Design pattern to best implement batch api requests that happen transparently to the calling layer - kotlin

I have a batch processor that I want to refactor to be expressed a 1-to-1 fashion based on input to increase readability, and for further optimization later on. The issue is that there is a service that should be called in batches to reduce HTTP overhead, so mixing the 1-to-1 code with the batch code is a bit tricky, and we may not want to call the service with every input. Results can be sent out eagerly one-by-one, but order must be maintained, so something like a flow doesn't seem to work.
So, ideally the batch processor would look something like this:
class Processor<A, B> {
val service: Service<A, B>
val scope: CoroutineScope
fun processBatch(input: List<A>) {
input.map {
Pair(it, scope.async { service.call(it) })
}.map {
(a, b) ->
runBlocking { b.await().let { /** handle result, do something with a if result is null, etc **/ } }
}
}
}
The desire is to perform all of the service logic in such a way that it is executing in the background, automatically splitting the inputs for the service into batches, executing them asynchronously, and somehow mapping the result of the batch call into the suspended call.

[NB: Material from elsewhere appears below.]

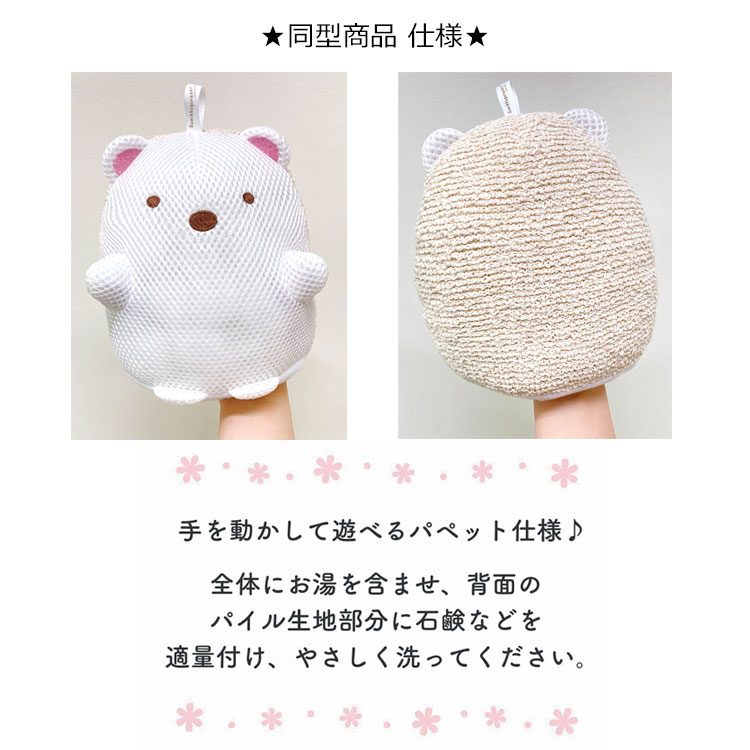 ���ߤå����餷 �ѥڥåȷ��Х����ݥ� �Ȥ󤫤� �ܥǥ����ݥ� 414439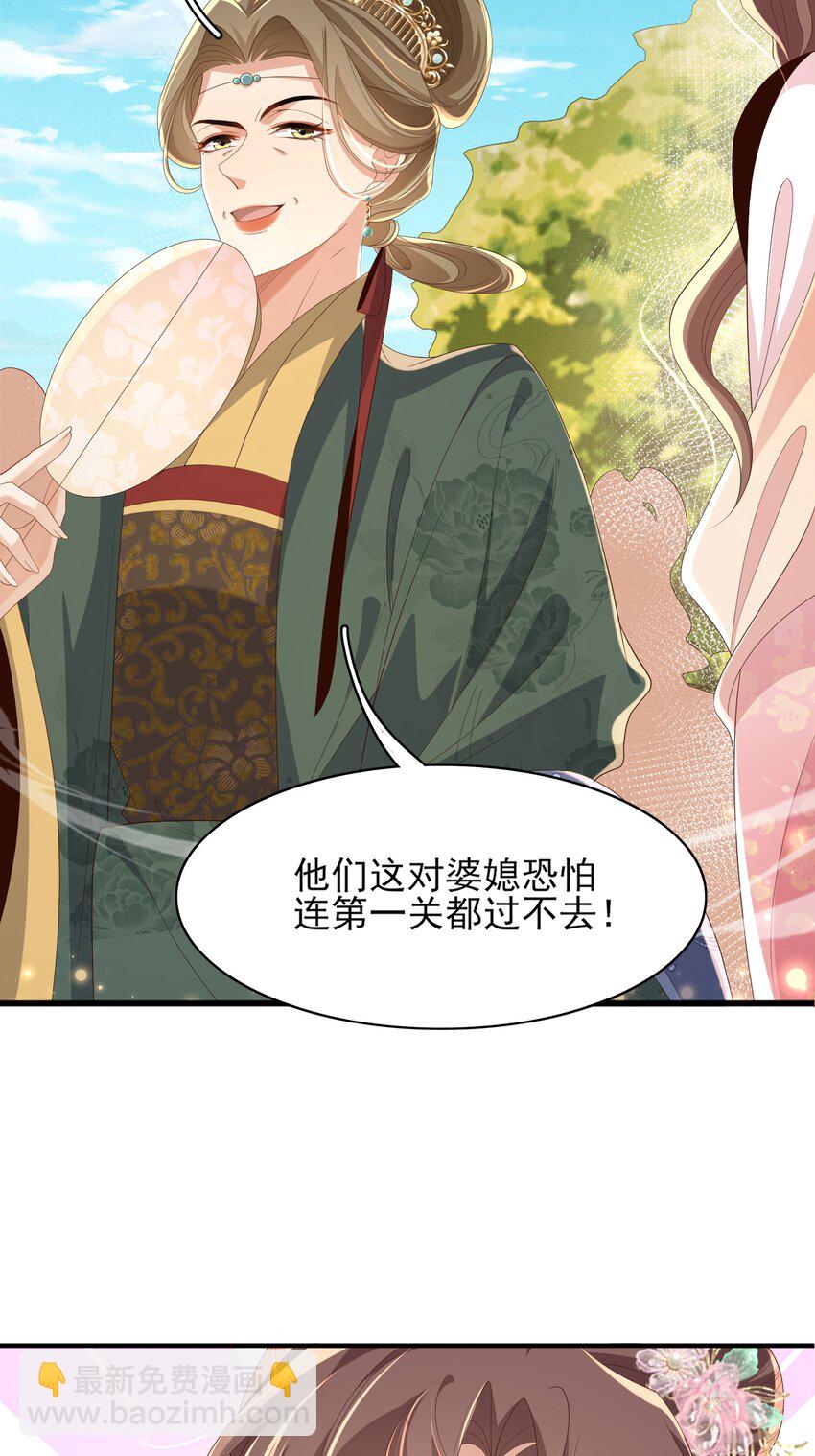 第169话 第一关粗茶亦佳茗-第176话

Here is a hacky implementation:
class Service<A, B> {
val inputContainer: MutableList<A>
val outputs: MutableList<B>
val runCalled = AtomicBoolean(false)
val batchSize: Int
suspended fun call(input: A): B? {
// some prefiltering logic that returns a null early
val index = inputContainer.size
inputContainer.add(a) // add to overall list for later batching
return suspend {
run()
outputs[index]
}
}
fun run() {
val batchOutputs = mutableListOf<Deferred<List<B?>>>()
if (!runCalled.getAndSet(true)) {
inputs.chunked(batchSize).forEach {
batchOutputs.add(scope.async { batchCall(it) })
}
runBlocking {
batchOutputs.map {
val res = result.await()
outputs.addAll(res)
}
}
}
}
suspended fun batchCall(input: List<A>): List<B?> {
// batch API call, etc
}
}
Something like this could work but there are several concerns:
All API calls go out at once. Ideally this would be batching and executing in the background while other inputs are being scheduled, but this is not .
Processing of the service result for the first input cannot resume until all results have been returned. Ideally we could process the result if the service call has returned, while other results continue to be performed in the background.
Containers of intermediate results seem hacky and prone to bugs. Cleanup logic is also needed, which introduces more hacky bits into the rest of the code
I can think of several optimizations to the address 1 and 2, but I imagine concerns related to 3 would be worse. This seems like a fairly common call pattern and I would expect there to be a library or much simpler design pattern to accomplish this, but I haven't been able to find anything. Any guidance is appreciated.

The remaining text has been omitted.